Because our day-to-day involves writing code, I am convinced that we data scientists need to be equipped with basic software engineering skills. Being equipped with these skills will help us write code that is, in the long-run, easy to recap, remember, reference, review, and rewrite.

In this collection of short essays, I will highlight the basic software skills that, if we master, will increase our efficiency and effectiveness in the long-run.

Common Objections

If you have heard these suggestions before, then you might have also heard some of the common objections to learning these software practices. I wish to address them here in bulk, so I do not have to address them in-depth in the individual essays.

I have not enough time

This objection is one I am sympathetic to, as I operate under time constraints myself.

This is the nature of code: written once, used many times. Hence, the best response that I can give is that time taken cutting corners now yields multiples of others' (including your future self's) time wasted navigating an undocumented, spaghetti-code codebase, that is not well-structured either. Cutting out these software practices now makes things much more difficult to maintain and improve code when it goes into production.

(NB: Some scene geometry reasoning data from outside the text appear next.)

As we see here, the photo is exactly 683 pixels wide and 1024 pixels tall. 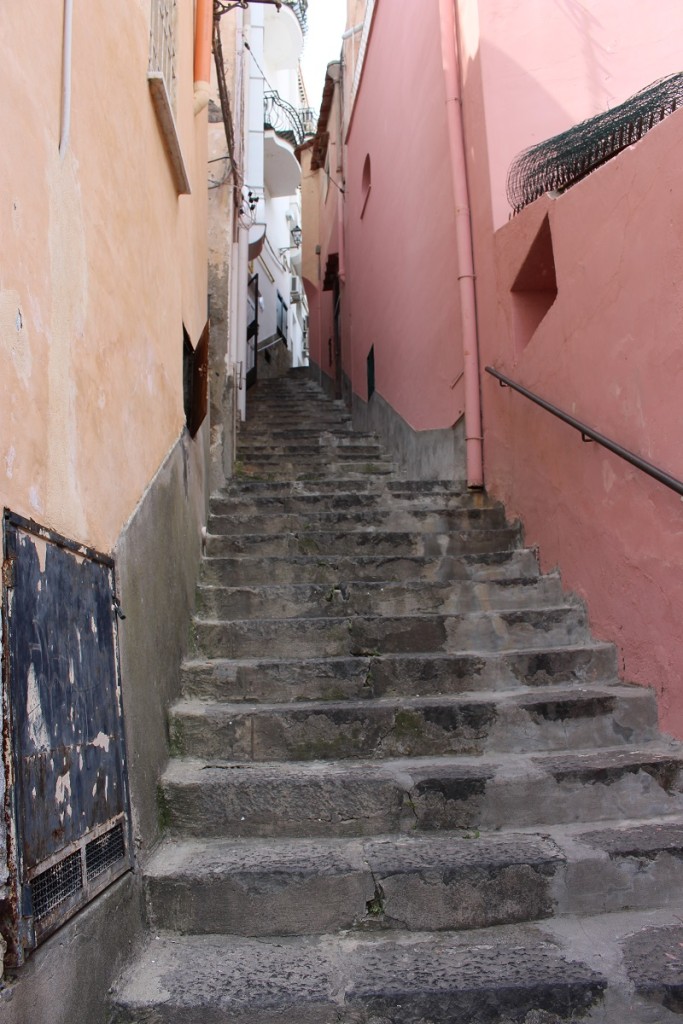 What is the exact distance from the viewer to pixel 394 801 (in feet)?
8.95

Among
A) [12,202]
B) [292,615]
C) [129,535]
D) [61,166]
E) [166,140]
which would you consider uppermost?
[166,140]

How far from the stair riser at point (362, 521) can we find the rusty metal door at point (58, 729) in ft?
7.82

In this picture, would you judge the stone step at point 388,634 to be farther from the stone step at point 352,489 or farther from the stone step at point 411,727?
the stone step at point 352,489

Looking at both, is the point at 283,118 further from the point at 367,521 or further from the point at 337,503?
the point at 367,521

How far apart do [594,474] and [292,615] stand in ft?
5.54

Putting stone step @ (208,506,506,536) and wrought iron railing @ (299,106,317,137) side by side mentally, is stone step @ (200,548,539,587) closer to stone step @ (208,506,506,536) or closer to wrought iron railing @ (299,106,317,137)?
stone step @ (208,506,506,536)

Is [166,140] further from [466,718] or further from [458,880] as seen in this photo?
[458,880]

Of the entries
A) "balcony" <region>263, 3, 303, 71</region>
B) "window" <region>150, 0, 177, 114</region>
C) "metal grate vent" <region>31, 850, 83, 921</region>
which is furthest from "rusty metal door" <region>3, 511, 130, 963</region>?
"balcony" <region>263, 3, 303, 71</region>

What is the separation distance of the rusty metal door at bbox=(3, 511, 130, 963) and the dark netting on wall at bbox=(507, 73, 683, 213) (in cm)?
313

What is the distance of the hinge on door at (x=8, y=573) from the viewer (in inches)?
62.4

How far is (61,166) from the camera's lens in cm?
196

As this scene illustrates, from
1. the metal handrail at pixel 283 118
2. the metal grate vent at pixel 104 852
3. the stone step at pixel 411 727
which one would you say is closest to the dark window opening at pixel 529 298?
the stone step at pixel 411 727

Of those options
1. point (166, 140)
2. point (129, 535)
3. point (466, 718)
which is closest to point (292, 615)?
point (466, 718)

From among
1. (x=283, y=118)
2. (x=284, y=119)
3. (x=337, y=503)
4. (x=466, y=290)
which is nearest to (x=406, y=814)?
(x=337, y=503) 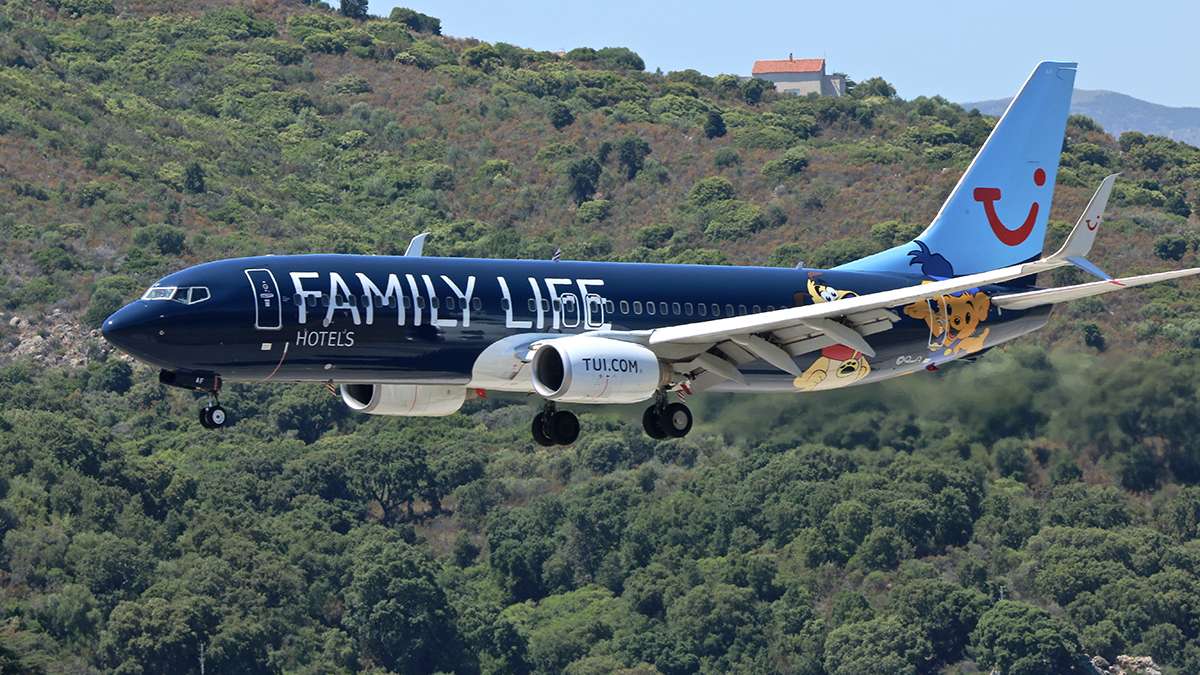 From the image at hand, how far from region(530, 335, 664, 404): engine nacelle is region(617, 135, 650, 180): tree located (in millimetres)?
141189

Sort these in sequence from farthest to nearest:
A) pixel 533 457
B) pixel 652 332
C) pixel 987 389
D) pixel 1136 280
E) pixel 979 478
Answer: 1. pixel 533 457
2. pixel 979 478
3. pixel 987 389
4. pixel 652 332
5. pixel 1136 280

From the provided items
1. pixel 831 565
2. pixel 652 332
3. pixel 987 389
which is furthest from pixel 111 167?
pixel 652 332

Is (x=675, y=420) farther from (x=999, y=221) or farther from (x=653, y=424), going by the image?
(x=999, y=221)

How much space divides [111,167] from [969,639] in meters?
77.6

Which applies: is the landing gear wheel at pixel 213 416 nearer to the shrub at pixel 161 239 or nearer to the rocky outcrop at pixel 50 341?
the rocky outcrop at pixel 50 341

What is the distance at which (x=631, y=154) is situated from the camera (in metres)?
192

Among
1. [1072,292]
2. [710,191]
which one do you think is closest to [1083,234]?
[1072,292]

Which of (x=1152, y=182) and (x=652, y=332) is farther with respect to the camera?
(x=1152, y=182)

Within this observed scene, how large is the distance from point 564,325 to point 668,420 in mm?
4304

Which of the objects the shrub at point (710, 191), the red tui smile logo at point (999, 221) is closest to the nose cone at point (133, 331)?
the red tui smile logo at point (999, 221)

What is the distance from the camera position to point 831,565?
131 metres

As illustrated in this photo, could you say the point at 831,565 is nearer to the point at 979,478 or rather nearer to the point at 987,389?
the point at 979,478

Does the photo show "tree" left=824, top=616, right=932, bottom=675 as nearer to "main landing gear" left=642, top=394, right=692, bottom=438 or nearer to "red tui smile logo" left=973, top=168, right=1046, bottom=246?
"red tui smile logo" left=973, top=168, right=1046, bottom=246

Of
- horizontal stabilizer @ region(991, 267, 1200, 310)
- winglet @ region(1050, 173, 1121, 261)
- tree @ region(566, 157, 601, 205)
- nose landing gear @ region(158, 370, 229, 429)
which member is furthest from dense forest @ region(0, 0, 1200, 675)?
nose landing gear @ region(158, 370, 229, 429)
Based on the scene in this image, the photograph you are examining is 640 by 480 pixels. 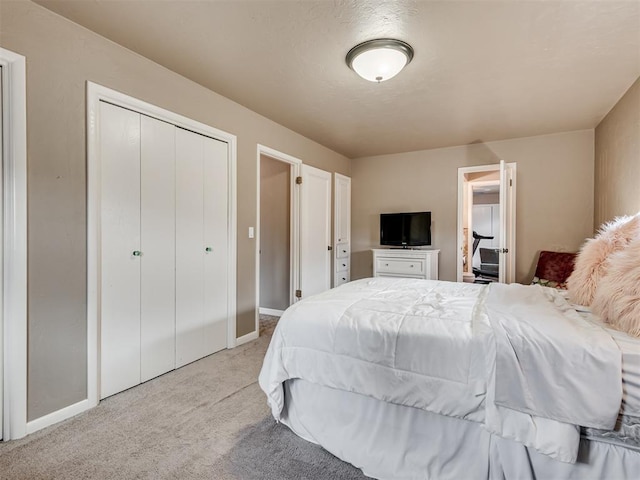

My code is only going to be written and read by myself

At some point, though, there is a high probability that you will end up writing code that someone else has to read and use. That someone else is usually your future self but also teammates that may need to cover for you when you're out. (This applies especially if you're on a data science team.) The time invested in making the code read well now, even on code that does not have to be read by others, will reduce the learning curve pain when you eventually do have to write code for others. You might as well invest the time now while there's less formal scrutiny to practice your software skills. When the stakes are higher, being ready can only be helpful.

I don't know how to get started, there are so many places to begin

Pick any one skill, say, refactoring, and work on it first. You can always add on more skills into your toolkit as you go along.